Question 2: What does this line mean: if(!(set).add(e)) In the for loop we are checking if String e is in the list l1 and then what does this line validates if(!(set).add(e))
This code will print apple as output as it is the duplicate value.
Question 3: How can i have it print non Duplicate values, just Orange and Milk but not Apple? I tried this approach but it still prints Apple. List unique= new ArrayList(new HashSet(l1));
Thanks in advance for your time.
869
1) Yes that is correct. We often use sets to remove duplicates.
2) The add method of HashSet returns false when the item is already in the set.
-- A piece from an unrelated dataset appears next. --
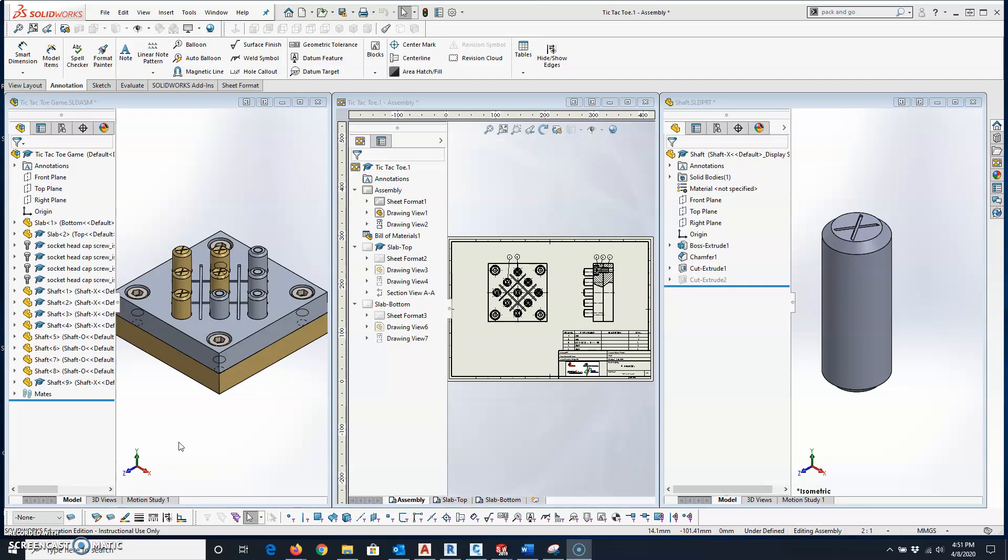This video demonstrates how to use the Pack and Go feature in SOLIDWORKS. What you use it for is to be able to share your drawings, your part models, and your assemblies with someone else. If you need to send this to someone else to evaluate, Pack and Go makes sure it grabs all of the components referenced and sends them there.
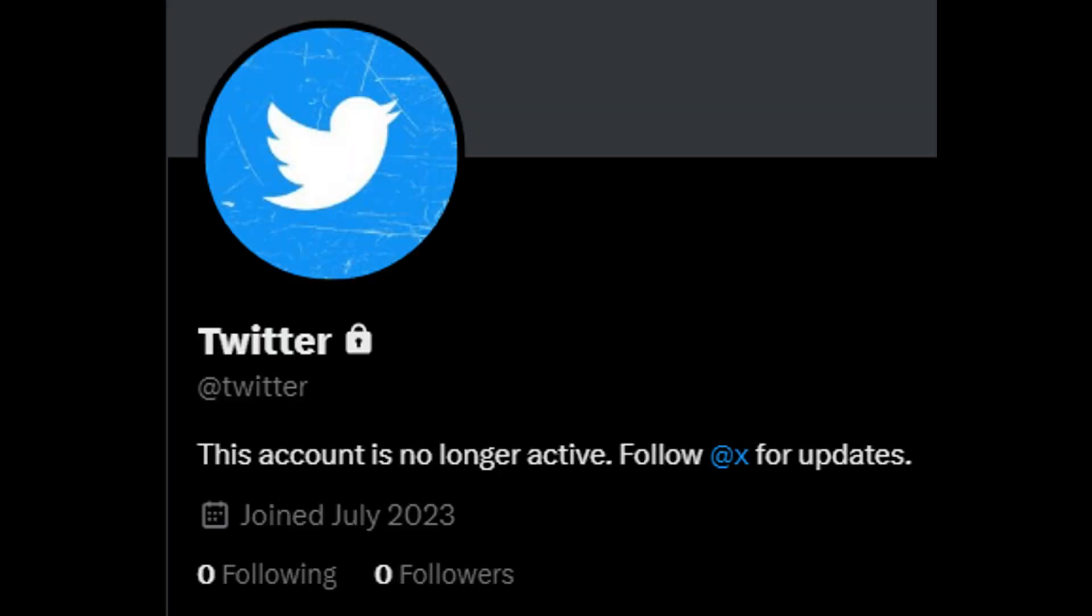If you go to twitter.com/twitter it brings you to the old Twitter account and it's locked. It says this account is no longer active, follow at X for updates. You click on it and there it is, there's X.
That's why it is used to check whether the item exists in the set.
3) To do this, you need to count up the number of occurrances of each item in the array, store them in a hash map, then print out those items that has a count of 1. Or, you could just do this (which is a little dirty and is slower! However, this approach takes a little less space than using a hash map.)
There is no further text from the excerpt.